Required work
Apart from the pictures, print the data below exactly as given.

Data below
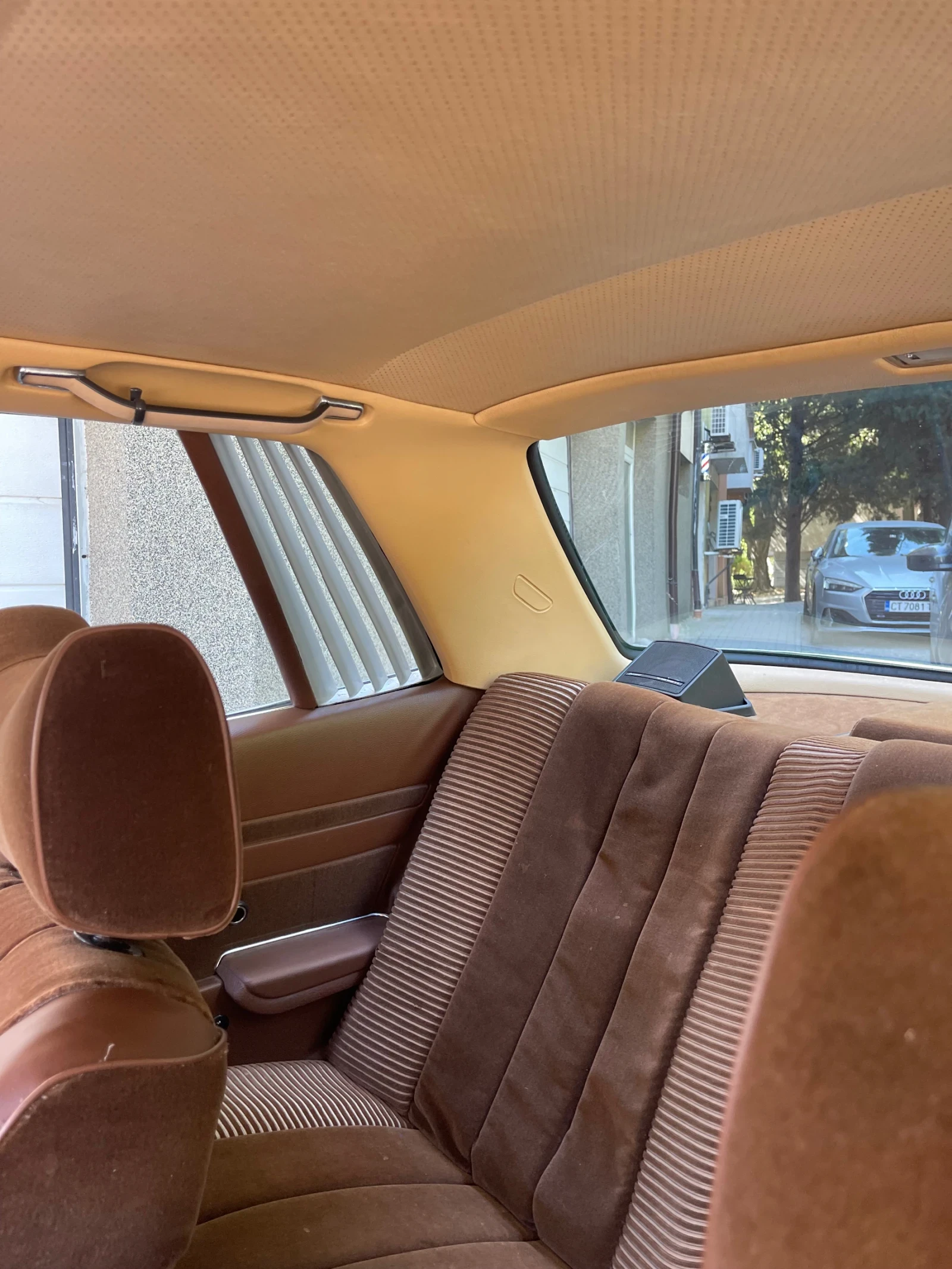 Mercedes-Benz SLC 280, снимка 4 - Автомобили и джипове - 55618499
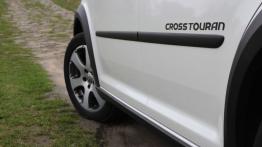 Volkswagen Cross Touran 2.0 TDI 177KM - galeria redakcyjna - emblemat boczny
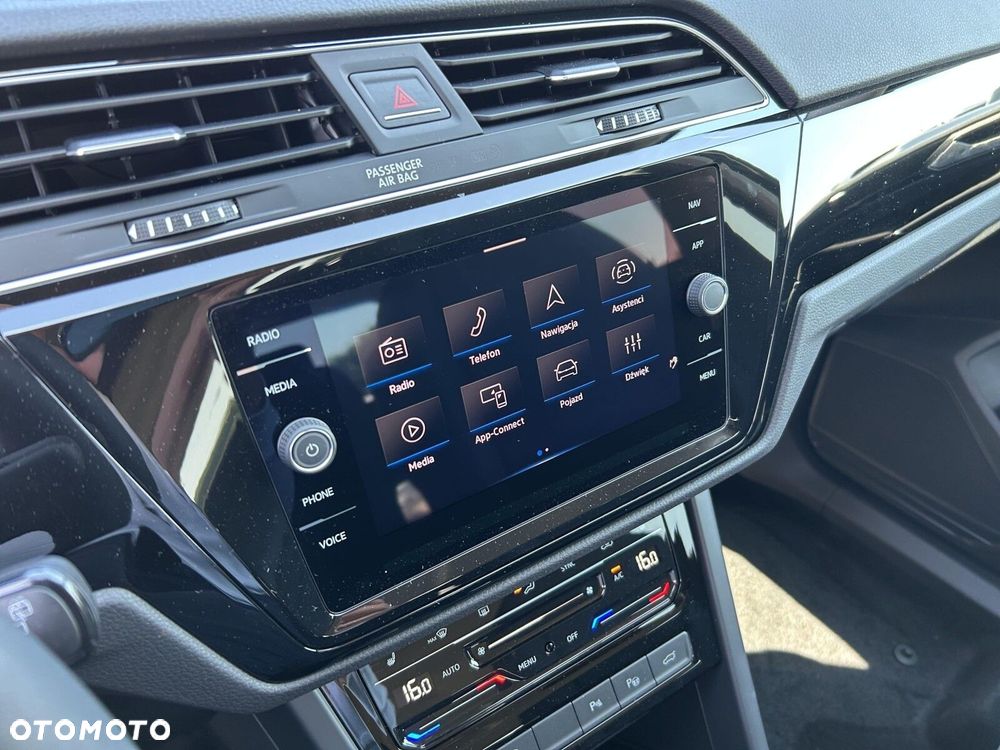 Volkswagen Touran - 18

Answer space
 Mercedes-Benz SLC 280, снимка 4 - Автомобили и джипове - 55618499
 Volkswagen Cross Touran 2.0 TDI 177KM - galeria redakcyjna - emblemat boczny
 Volkswagen Touran - 18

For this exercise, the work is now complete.